▽

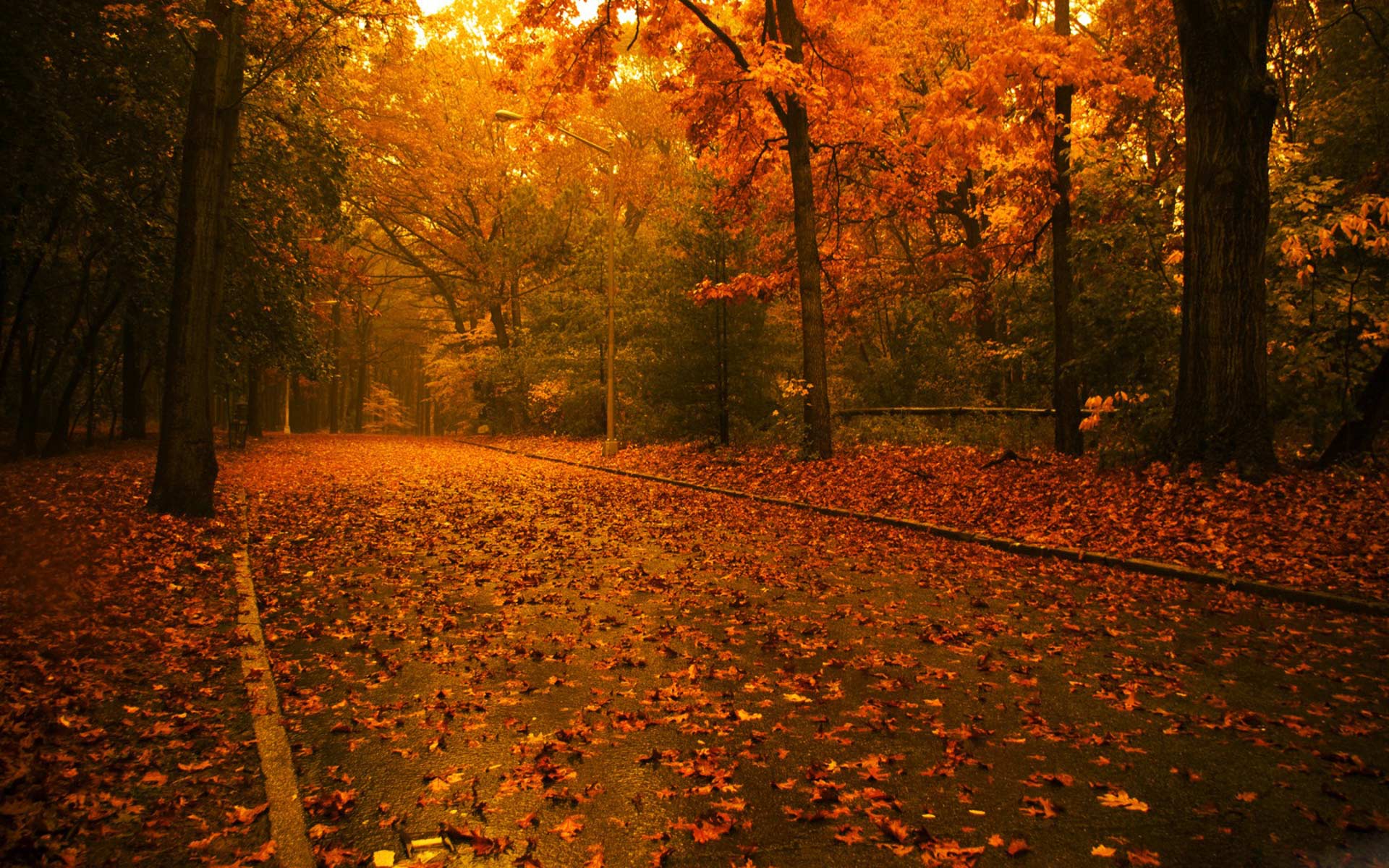 Desktop Wallpaper · Gallery · Nature · Golden autumn park. Free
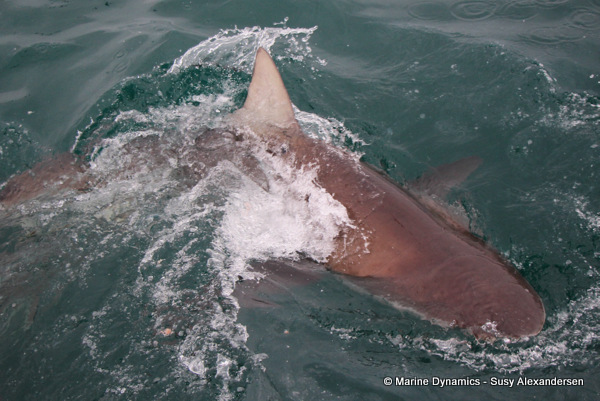 Bronze whaler shark, South Africa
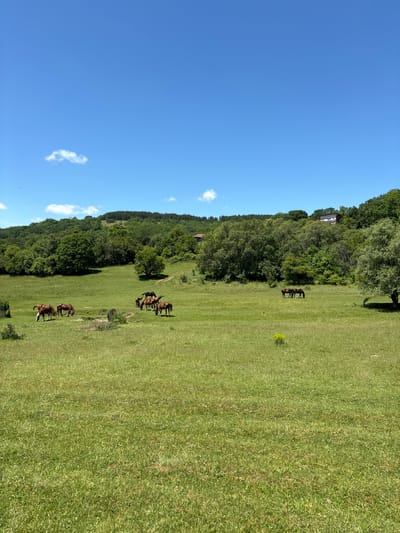 A pastoral scene unfolds in Studena, Bulgaria, under a bright blue sky dotted with sparse white clouds. A vast, green meadow dominates the foreground, stretching towards a treeline that forms a verdant backdrop. Several horses graze peacefully in the meadow. In the mid-ground, a group of horses, predominantly brown, are scattered across the grass. Some are grazing, while others stand idly. Further back, near the treeline, two more horses are visible, also grazing. The landscape is gently rolling, with a forest covering the hills in the distance. A few buildings are discernible nestled within the trees on the slopes. The overall impression is one of tranquility and natural beauty.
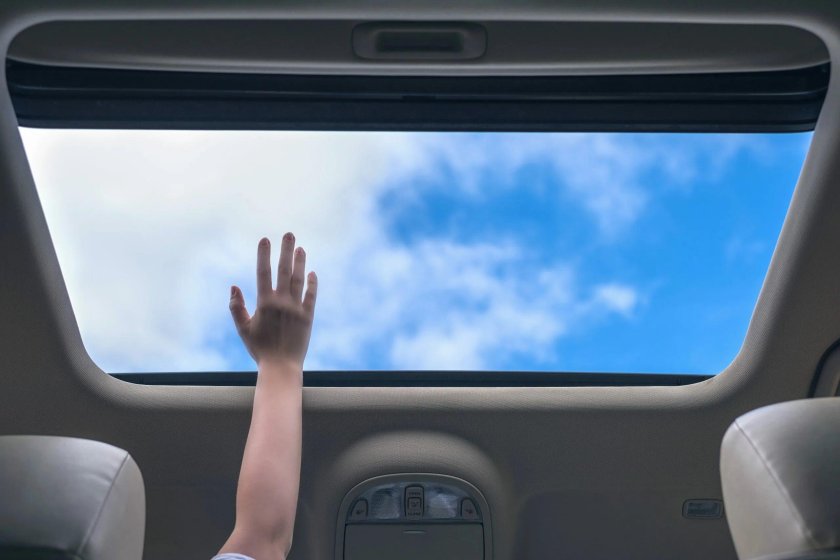 Руки из люка машины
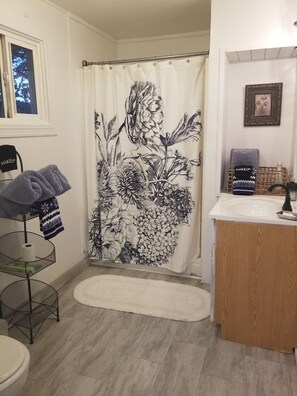 Dusche, Haartrockner, Handtücher, Seife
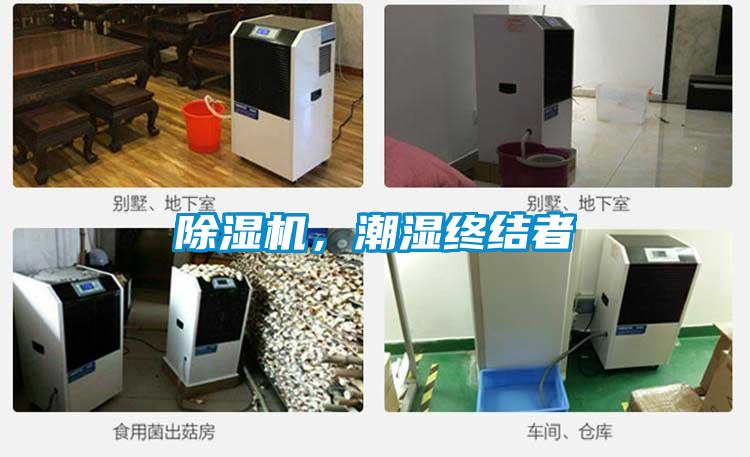 除濕機，潮濕終結者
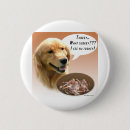 Buscar golden retriever chapas Dorado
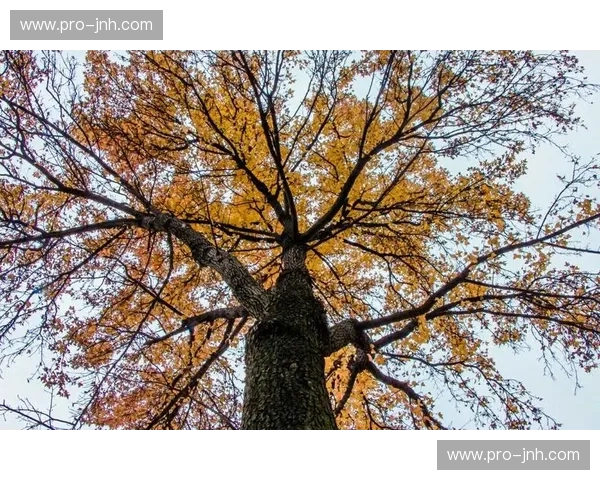 深度：在喧嚣时代的沉静力量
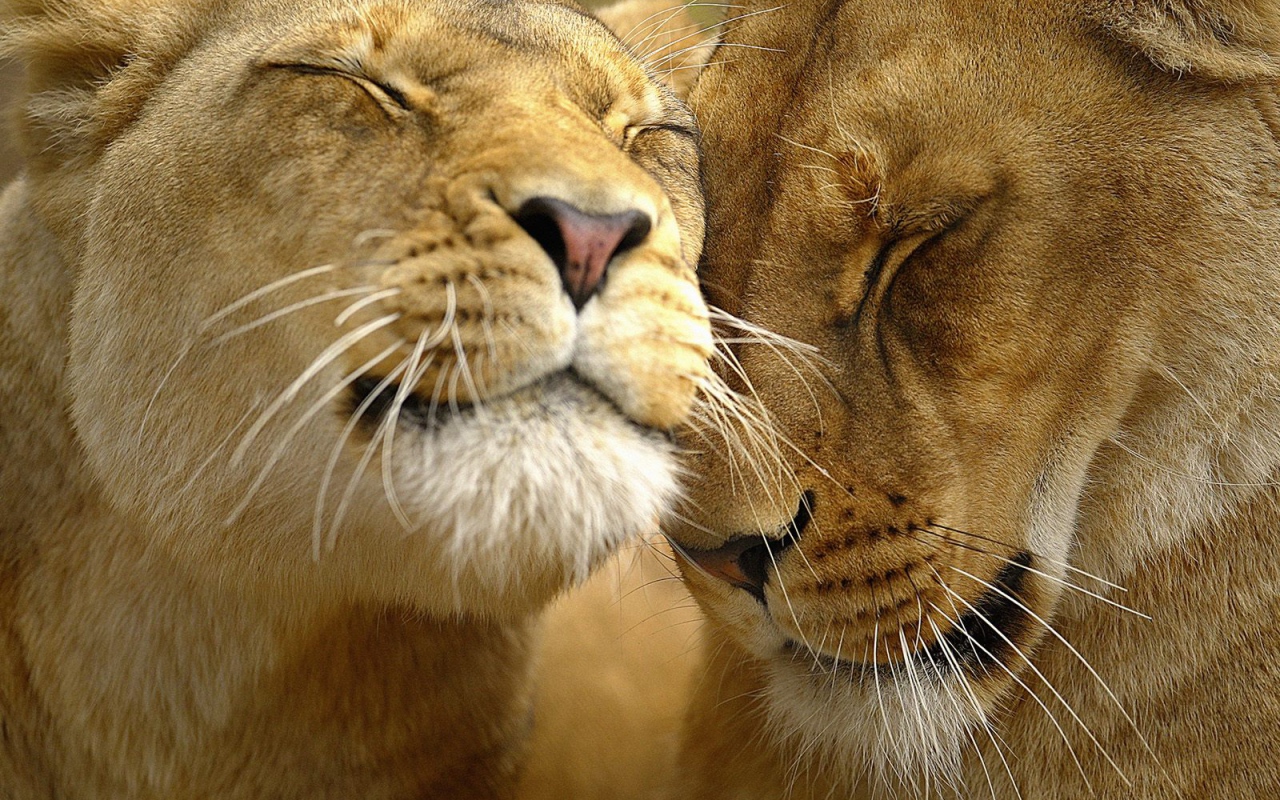 Большие кошки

△

What you have to do> Copy every entry exactly; drop the pictures.

Solution>
 Desktop Wallpaper · Gallery · Nature · Golden autumn park. Free
 Bronze whaler shark, South Africa
 A pastoral scene unfolds in Studena, Bulgaria, under a bright blue sky dotted with sparse white clouds. A vast, green meadow dominates the foreground, stretching towards a treeline that forms a verdant backdrop. Several horses graze peacefully in the meadow. In the mid-ground, a group of horses, predominantly brown, are scattered across the grass. Some are grazing, while others stand idly. Further back, near the treeline, two more horses are visible, also grazing. The landscape is gently rolling, with a forest covering the hills in the distance. A few buildings are discernible nestled within the trees on the slopes. The overall impression is one of tranquility and natural beauty.
 Руки из люка машины
 Dusche, Haartrockner, Handtücher, Seife
 除濕機，潮濕終結者
 Buscar golden retriever chapas Dorado
 深度：在喧嚣时代的沉静力量
 Большие кошки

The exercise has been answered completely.